I'm trying to implement semaphore with mutex to learn more about concurrent primitives and patterns, and how to write correct concurrent programs.
Here is the resource I found: http://webhome.csc.uvic.ca/~mcheng/460/notes/gensem.pdf
Solution #1 is labeled "incorrect" on page 9. I implemented the algorithm here. Running this program several times could result in frozen threads. I did some analysis and realized that the following sequence of operations on the d
mutex could happen:
// d was initialized as locked
d.unlock(); // d is unlocked
d.unlock(); // d is still unlocked (unaffected)
d.lock(); // d is locked
d.lock(); // d is still locked (deadlock)
This will cause the last d.lock()
to deadlock.
Solution #2 addressed this issue by securing the transition from the signaling thread to the awaking thread by reusing mutex m
. I implemented this version here.
In this solution, after d.unlock()
, m
remains locked, which means subsequent
post()
operations will be blocked until m
is unlocked.
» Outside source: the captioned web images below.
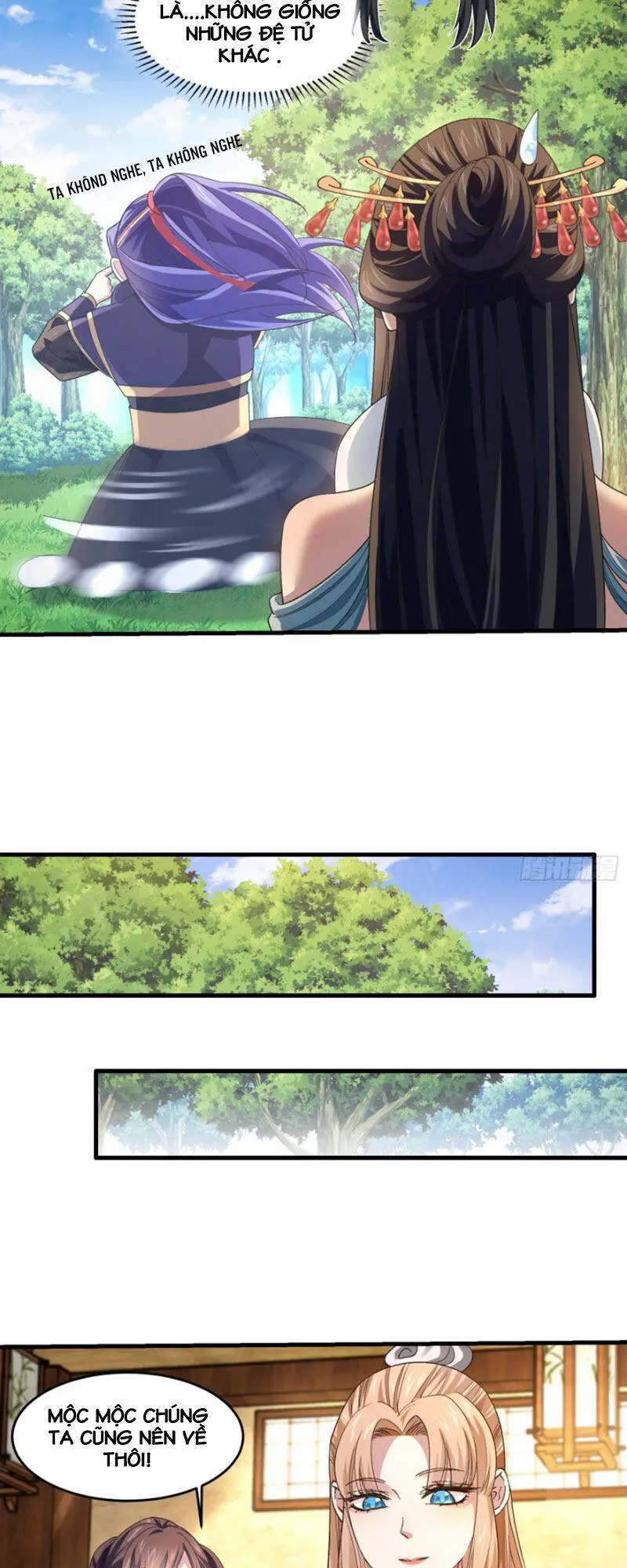 Ta Chính Là Không Theo Sáo Lộ Ra Bài Nettruyen ZZZ Chương 35 Page 9
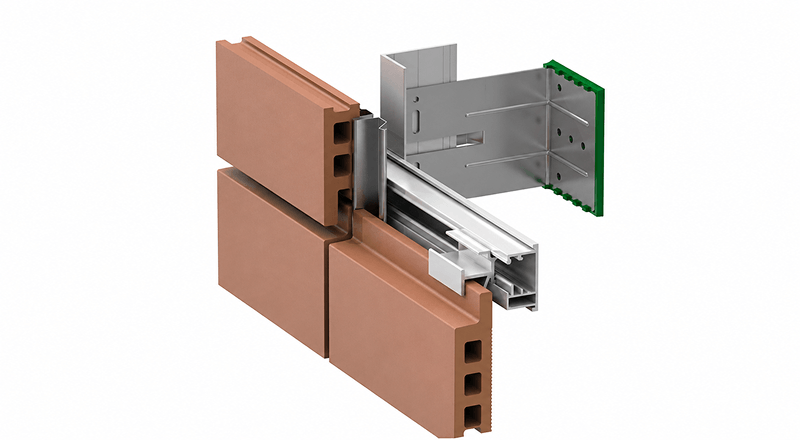 Eco Cladding - Terracotta - Sigma VCI.46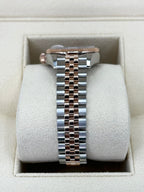 NEW 2025 Rolex Ladies Datejust 28mm 279171 Two-Tone Purple Diamond Dial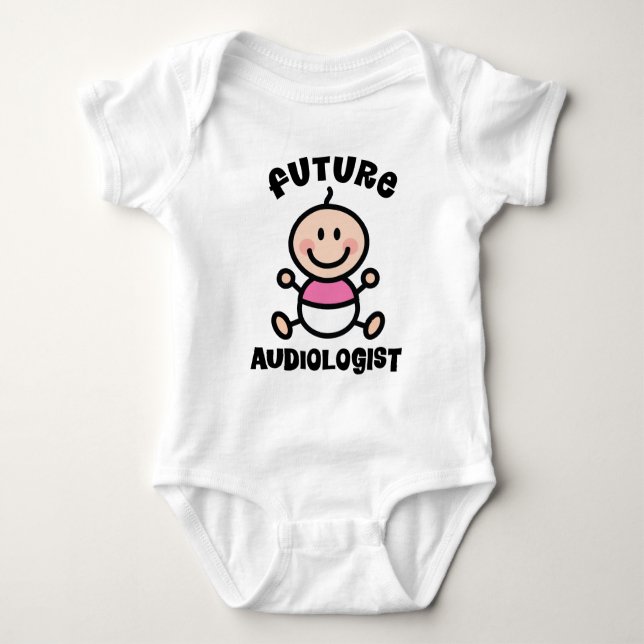 Framtida Audiologistbabygåva Tee (Framsida)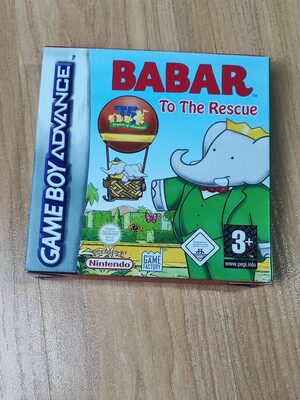 Babar: To the Rescue Game Boy Advance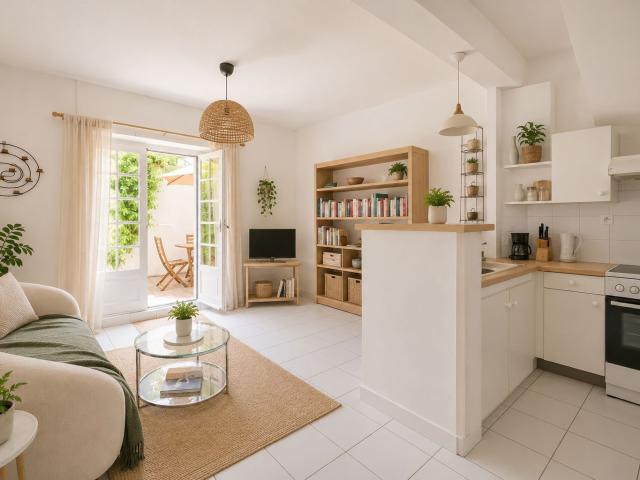 Appartement 3 pièces 61 m²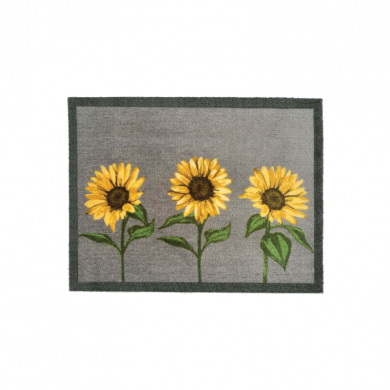 Nylon Mat Sunflowers 65cm x 85cm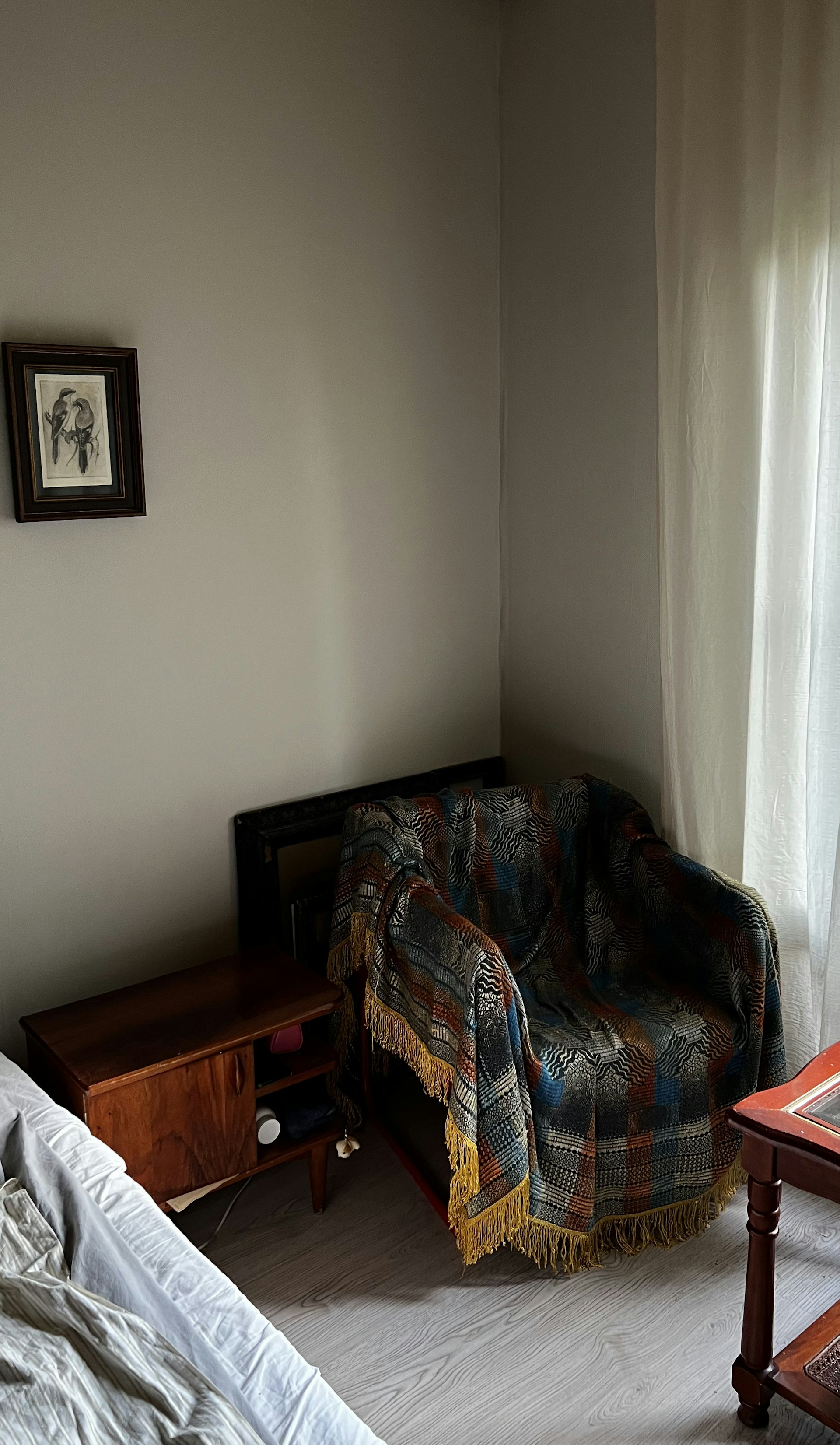 woman wearing yellow long-sleeved dress under white clouds and blue sky during daytime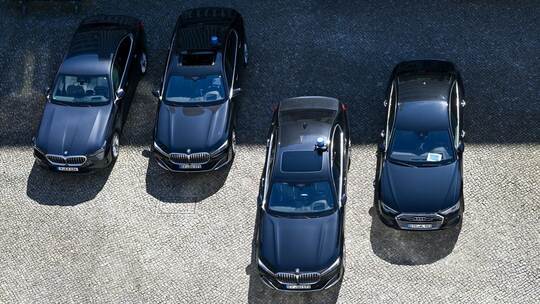 Dienstwagen von Politikern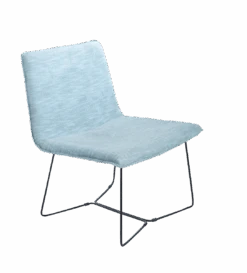 Fauteuil Bleu Isaure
Then d.lock()
is
called following m.unlock()
, making sure d
is in locked state before
allowing subsequent post()
operations to run.
Although I understand how this solution address the issue, I'm having difficulty to argue its correctness in terms of other potential issues. Is there any general rules and guidelines we can follow to ensure, argue, or even prove the correctness of programs like this?
I want to ask this question because of the next 2 solutions from the note. I implemented solution #3 and solution #4, but both are having frozen threads when tested several times. I'm not sure if it's my implementation's problem or if the solution itself is incorrect.
I'd be appreciated if you can just analyze these solutions' correctness, but I'd be more than ever like to learn a way to reason about any algorithms of this kind, and verify their correctness.